Best Paris Travel Guide: Personal Experience and Tips

Triumphal Arch in Paris

Among the places to visit in France, Paris is a gem. Let our travel guide be your compass, leading you to the city’s finest landmarks, museums, and cultural experiences. Discover the essence of the Parisian lifestyle and gain invaluable insights for an exceptional getaway.  

How Paris welcomed us

For my husband and me, Paris did not start with croissants, but with a classic French restaurant. All because we arrived in the capital of France in the evening and decided to start with a romantic dinner. After all, everyone associates Paris with romance, doesn’t it?

We were served a hefty steak and a Lyonnaise salad for dinner. And, of course, wine: you can’t do without it in this city. The restaurant is not cheap (it costs €70 for dinner), but if you want something truly traditional, you can take it on a note: Aux Crus de Bourgogne

Having had an excellent dinner, we continued our acquaintance with evening Paris: we went for a leisurely walk along its streets. 

Already in the first evening, we noticed that the French were sitting on the terraces of cafés and restaurants scattered around the city (despite the coolness) and talking loudly: as it turned out, talking over a glass of wine is a common practice for them. And in general, you get the impression that everyone here has known each other for a very long time. 

And then we jumped into the Paris metro: the oldest in Europe after London (we learned about it a little later). We traveled on it for the whole 3.5 days of our trip. 

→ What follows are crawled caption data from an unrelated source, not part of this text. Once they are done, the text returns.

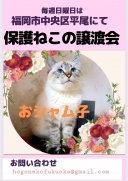 16505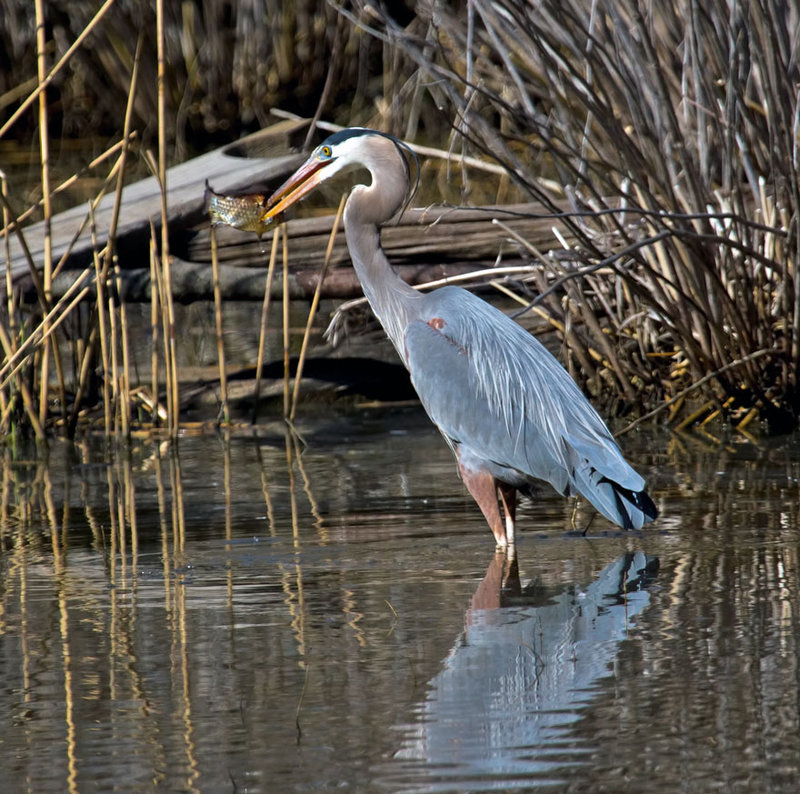 Great Blue Heron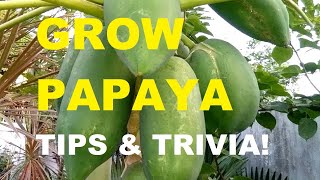 HOW TO GROW PAPAYA | GROW YOUR FOOD | GARDENING PHILIPPINES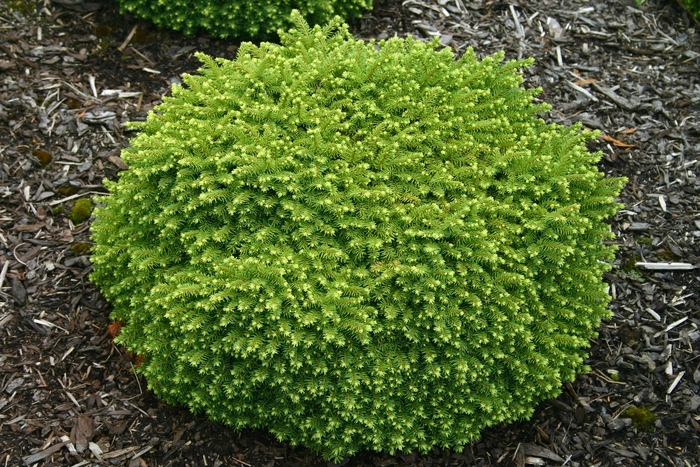 'Little Gem' Norway Spruce - Picea abies from R&D Wholesale Nursery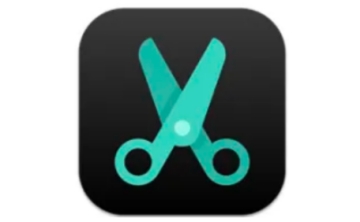 AutoCutVideo段首LOGO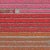 "AV_Tulip_Fields_035" Contemporary Aerial View Limited Edition Photograph by Bernhard Lang For Sale - Image 6 of 10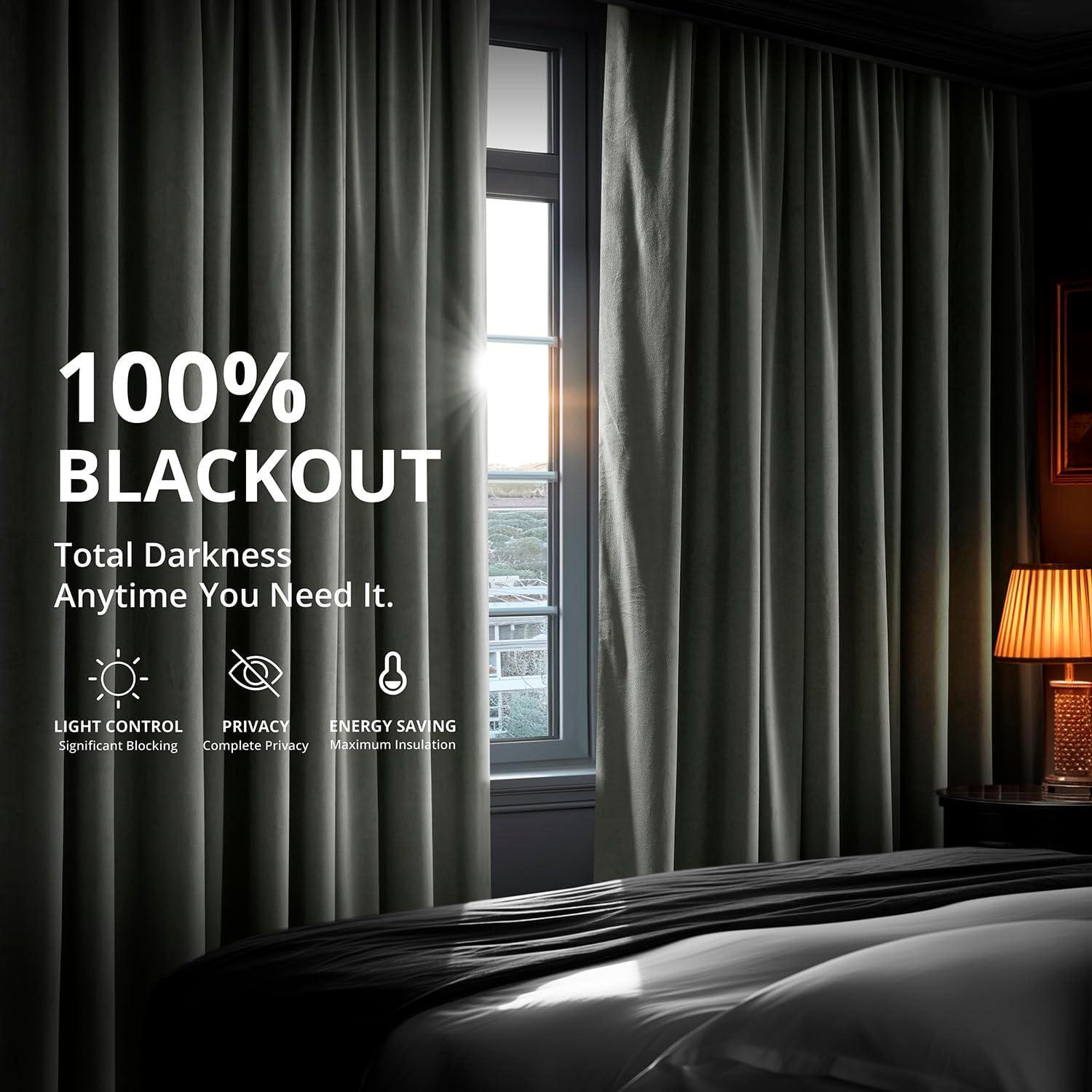 Silver Grey Velvet Pinch Pleat Blackout Curtain - 25 in. W x 96 in. L (1 Panel)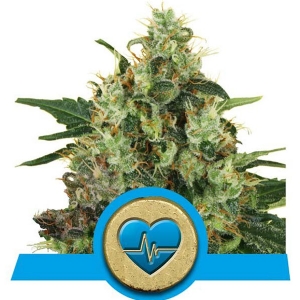 Royal Queen Seeds - Medical Mass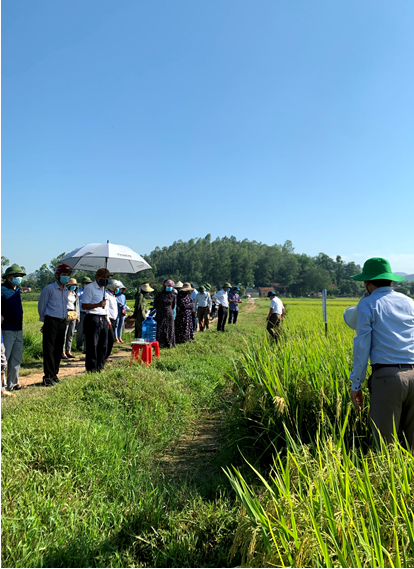 Trung tâm DVNN huyện Nghi Lộc tổ chức hội thảo đầu bờ đánh giá kết quả mô hình của giống lúa LP5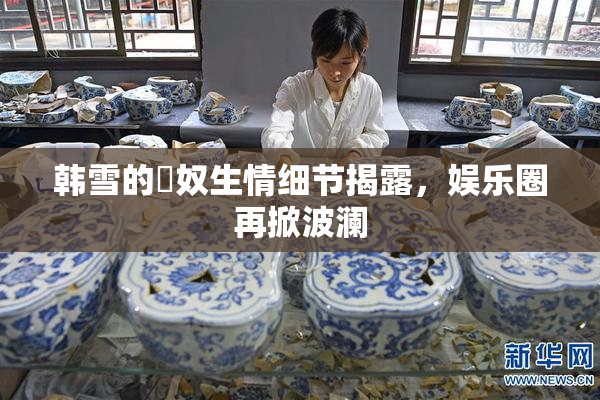 韩雪的婬奴生情细节揭露，娱乐圈再掀波澜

The locals, by the way, also love the metro and constantly move from point to point on it: it’s convenient, as the entrance to the subway is every 2–3 blocks. We also noticed that a lot of Parisians ride bicycles around the city: it’s not on the scale of Amsterdam, of course, but it’s still impressive. 

Inside the subway trains, you can see that in Paris live people who know a lot about fashion: almost every passenger can be called a stylist. But it should be noted that it’s about style with some carelessness as if they dressed like this and found this combination of colors by accident: that’s the trick and charm of fashionable Parisians. 

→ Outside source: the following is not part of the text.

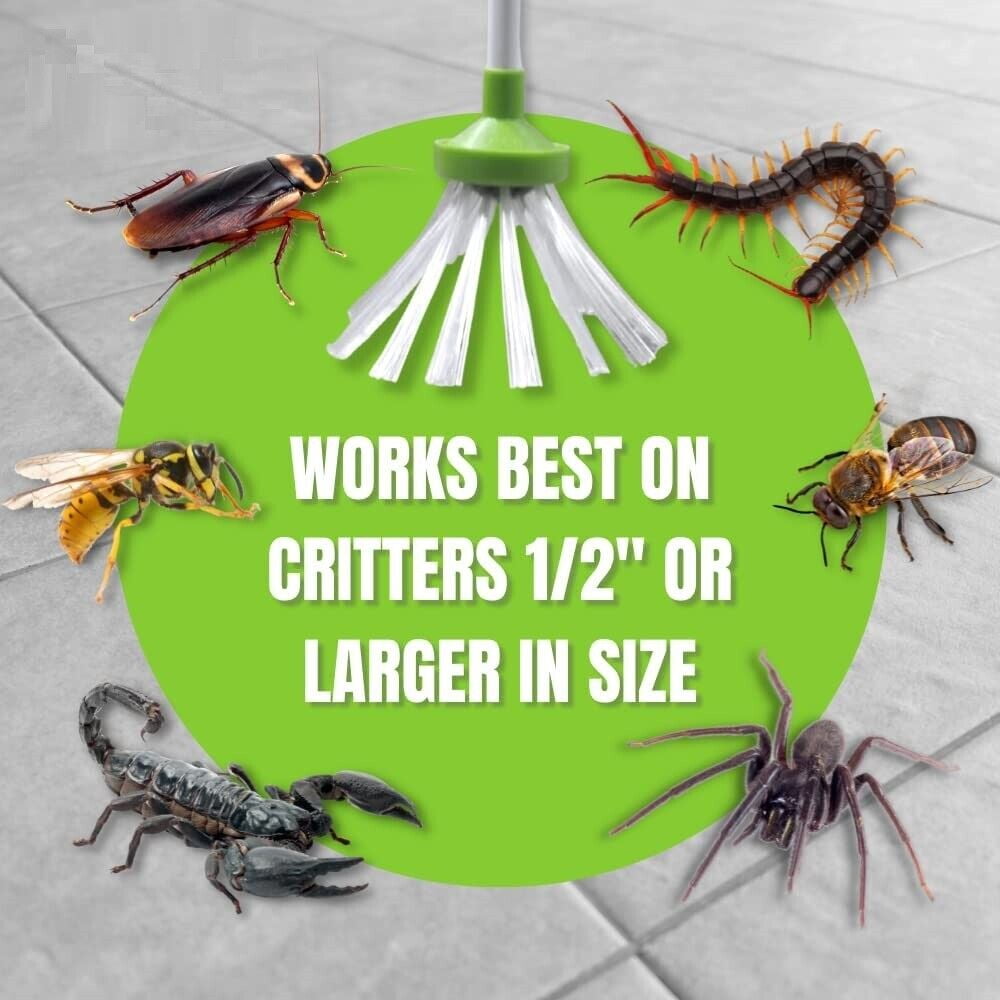 JahyShow Catcher 2 packs - Spider and Insect Catcher Green Use for the safe handling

Since I’ve started sharing my observations, here are a couple more. People say that the English language in Paris is a mess and that no one understands anything. It’s not so bad: in some places, some people don’t understand other languages at all, but in general, most people can speak English, especially when it comes to restaurants and tourist hotspots. And in general, you get the impression that everyone is local and speaks only French, and tourists seem to congregate only at the main attractions. At least, that’s how it was for us. 

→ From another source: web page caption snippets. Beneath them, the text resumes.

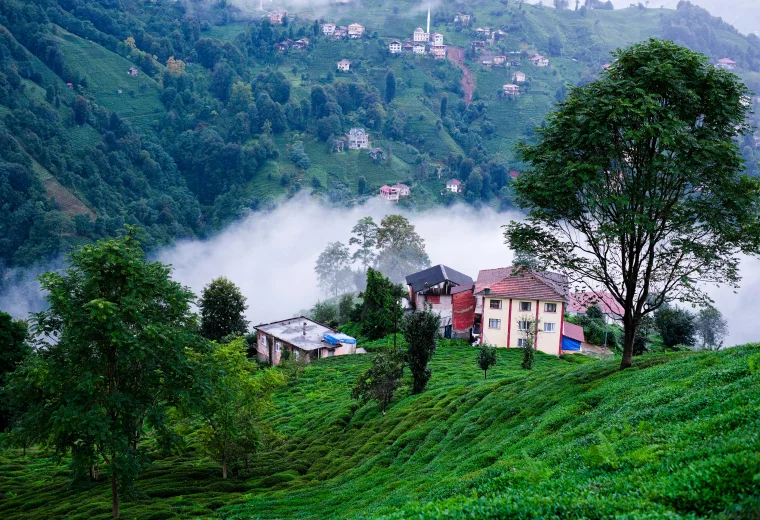 Luxury green scenery in Rize for the Rize Signature offer by RelaxFly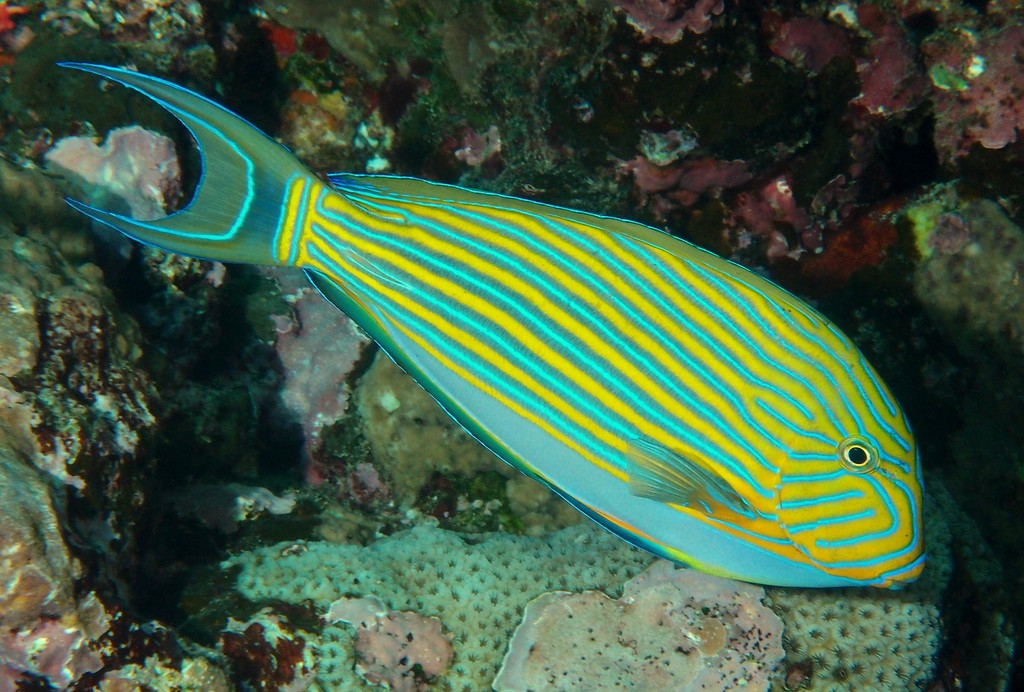 Acanthurus lineatus Chirurgien à bandes bleues Nouvelle-Calédonie livrée jaune orangé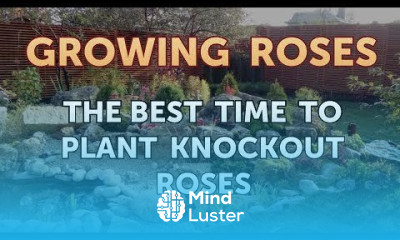 The Best Time to Plant Knockout Roses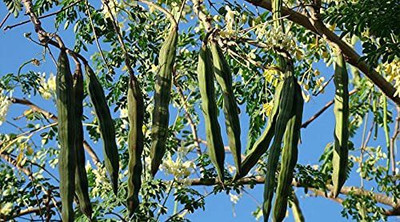 CYBEXIS PAU-96 - Dwarf Moringa Tree - (1350 Seeds) Seed(1350 per packet)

And about cleanliness: yes, Paris is not the cleanest city on earth, but it is not catastrophically dirty. There is plenty of garbage, but it’s not as bad as people like to say. Plus, it all depends on the neighborhood: as in other countries, there is less garbage in the center of the capital compared to other areas, especially the outskirts. What struck us was the number of people sleeping in tents right on the sidewalks of the city. 

metro in Paris

Where did we live in Paris?

We rented a room in a budget hostel in the 14th arrondissement of Paris: hotelF1 Paris Porte de Chatillon. Overall, it was alright for the money. We had a small room with its own (also very small) bathroom. For overnight stays without any special whimsy, it’s fine.

Paris sightseeing tour

The Free Tour of Paris, a free walking tour, helped us get to know the city better. We met our guide at the Saint-Michel Fountain, got to know each other, and went for a walk around the French capital, mainly in the beautiful Latin Quarter

The tour was led by a Parisian student, and he told us a lot of interesting things. For example, we learned that the French hate everything new, and the Eiffel Tower and the subway, which they now love, were subjected to great criticism at the time of their appearance. The long reconstruction of Notre Dame is also connected with this, as it is being carried out according to the canons of the 13th century when it was built. We also learned about the Paris catacombs, a place where it is better not to enter without an escort, as it is easy to get lost and stay there forever. 

Notre-Dame de Paris view

Sights that we had time to see in Paris 

Eiffel Tower

It turned out that the famous tower in real life is much larger than we had imagined it to be. We were lucky enough to enjoy its views both in the daytime and the evening, and it has a unique charm at different times of the day. Climbing to the top is not a must; waiting times in queues are long, especially for the descent, and ticket prices are quite high. You can also look at the main symbol of the “city of light” from the side.

Here I share a list of streets with a beautiful view of the Eiffel Tower:

  • Rue de l’Université
  • Rue de Monttessuy
  • Rue Saint-Dominique
  • Rue de Buenos Aires
  • Pont de Bir-Hakeim
  • Av. de Camoens.
eiffel tower night view

Notre Dame

Of course, when visiting the French capital, it is impossible to ignore the Notre Dame Cathedral, one of the most famous symbols of the city and its official center, which was built more than 850 years ago. I, like many others, first learned about it from Victor Hugo’s novel of the same name. By the way, it was only recently that I read that sacred relics, including the crown of thorns, were kept in the temple.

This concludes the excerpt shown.